The Duchess of Cambridge is supporting a new campaign aimed at encouraging children to become the next generation of environmental guardians.
Backyard Nature is pledging to help youngsters across the UK spend a total of one million hours outside by inspiring them to protect the wildlife on their own doorstep.
Kate, who is known for promoting the benefits of the great outdoors on children’s health, said: “Spending time in nature can play a pivotal role in helping children grow up to become happy, healthy adults.
“The great outdoors provides an open playground for children to have fun and learn life-long skills – from balance and coordination to empathy and creativity – with their friends, their parents, their carers, or their family members.
“I hope the Backyard Nature campaign inspires children, families and communities to get outside and engage with nature, wherever they live.”
Young people, and their parents or carers, can sign-up online to become “Backyard Nature guardians” for their area through the website backyardnature.org
Once joined, users can find their local patch using a map highlighting green spaces, download DIY guides and also find conservation events happening nearby.
The campaign, funded by the Iceland Foods Charitable Foundation, was inspired by the Eco Emeralds, a group of young environmentalists from All Saints Catholic Primary School in Anfield, Liverpool.
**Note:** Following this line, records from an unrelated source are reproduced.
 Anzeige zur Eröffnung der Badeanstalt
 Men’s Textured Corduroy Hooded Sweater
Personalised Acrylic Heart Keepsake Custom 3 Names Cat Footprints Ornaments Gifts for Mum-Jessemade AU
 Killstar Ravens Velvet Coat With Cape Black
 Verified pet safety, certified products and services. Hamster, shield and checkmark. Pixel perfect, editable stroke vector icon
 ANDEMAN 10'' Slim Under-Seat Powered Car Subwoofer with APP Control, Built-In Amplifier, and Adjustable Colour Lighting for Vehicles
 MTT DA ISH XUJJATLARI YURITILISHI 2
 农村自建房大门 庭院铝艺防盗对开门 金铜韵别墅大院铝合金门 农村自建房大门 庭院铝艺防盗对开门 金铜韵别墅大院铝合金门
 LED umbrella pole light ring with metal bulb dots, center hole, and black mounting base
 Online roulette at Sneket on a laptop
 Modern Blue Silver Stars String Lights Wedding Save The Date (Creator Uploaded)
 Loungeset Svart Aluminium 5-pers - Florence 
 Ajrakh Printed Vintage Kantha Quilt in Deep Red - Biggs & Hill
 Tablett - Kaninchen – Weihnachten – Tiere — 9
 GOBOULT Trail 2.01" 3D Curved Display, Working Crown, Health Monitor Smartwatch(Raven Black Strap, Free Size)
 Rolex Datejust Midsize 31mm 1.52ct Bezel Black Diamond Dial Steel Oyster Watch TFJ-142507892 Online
The youngsters aged seven to 11 contacted Iceland’s managing director Richard Walker via Twitter and were invited to the supermarket firm’s head office to present their ideas, leading to the development of the campaign.
Mr Walker said: “The nation is waking up to the immediate challenge facing us – far bigger than any of the other issues being discussed in the media at the moment, the environmental crisis has huge implications for us all.
“The Eco Emeralds share my belief that the next generation needs to connect with nature and become conservation activists, and their commitment to motivating and enabling others to do this is truly inspiring.
“I strongly believe that children need to know nature in order to want to protect it, and this campaign is about supporting them to do just that.
“By encouraging children to spend one million hours in their backyards, the campaign is committed to truly connecting the next generation with the planet we all need their help to save.”
Research released to coincide with the launch found that 60% of children want to spend more time outside, but 62% currently spend less than five hours per week outdoors, not including travelling to school.
More than four fifths (82%) of UK parents are fearful about future environmental challenges facing the next generation, while 81% would like their children to spend more time outdoors but cite lack of time and money as a key barrier.
The campaign is funded by the Iceland Foods Charitable Foundation and supported by The Wildlife Trusts, The National Trust, WWF, Clarion and the Bumblebee Conservation Trust, as well as family activity app, Hoop.